# THE RECORDS
Content starts
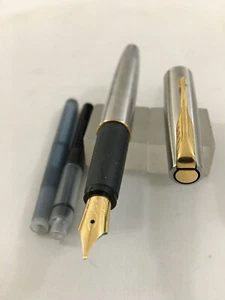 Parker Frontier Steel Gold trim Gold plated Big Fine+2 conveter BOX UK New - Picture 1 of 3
Content ends
Content starts
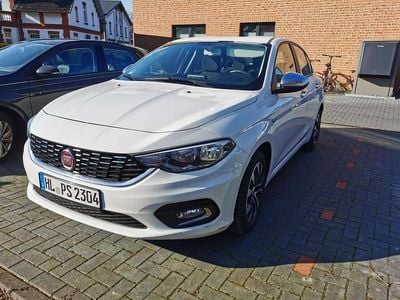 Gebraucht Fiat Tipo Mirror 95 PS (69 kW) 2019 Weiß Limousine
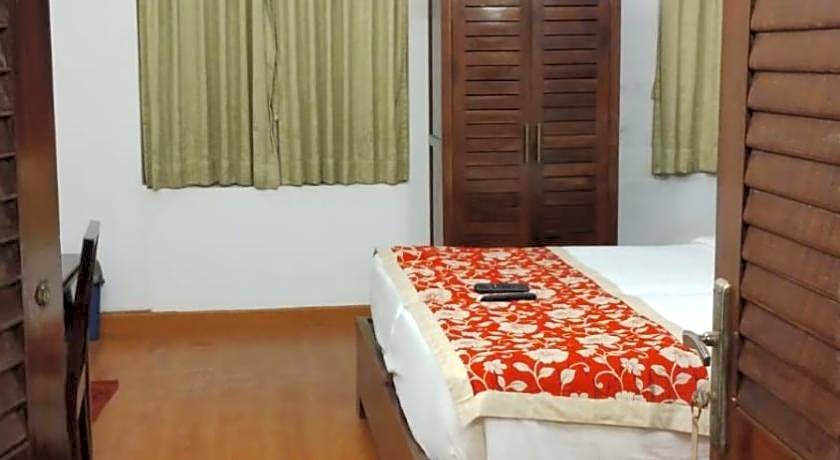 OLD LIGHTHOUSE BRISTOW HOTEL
Content ends
# THE TASK
Would you set down only the lines above from the line with "Gebraucht Fiat Tipo" to the line with "OLD LIGHTHOUSE BRISTOW HOTEL", both included, exactly as they stand and without the pictures?

# REPLY
 Gebraucht Fiat Tipo Mirror 95 PS (69 kW) 2019 Weiß Limousine
 OLD LIGHTHOUSE BRISTOW HOTEL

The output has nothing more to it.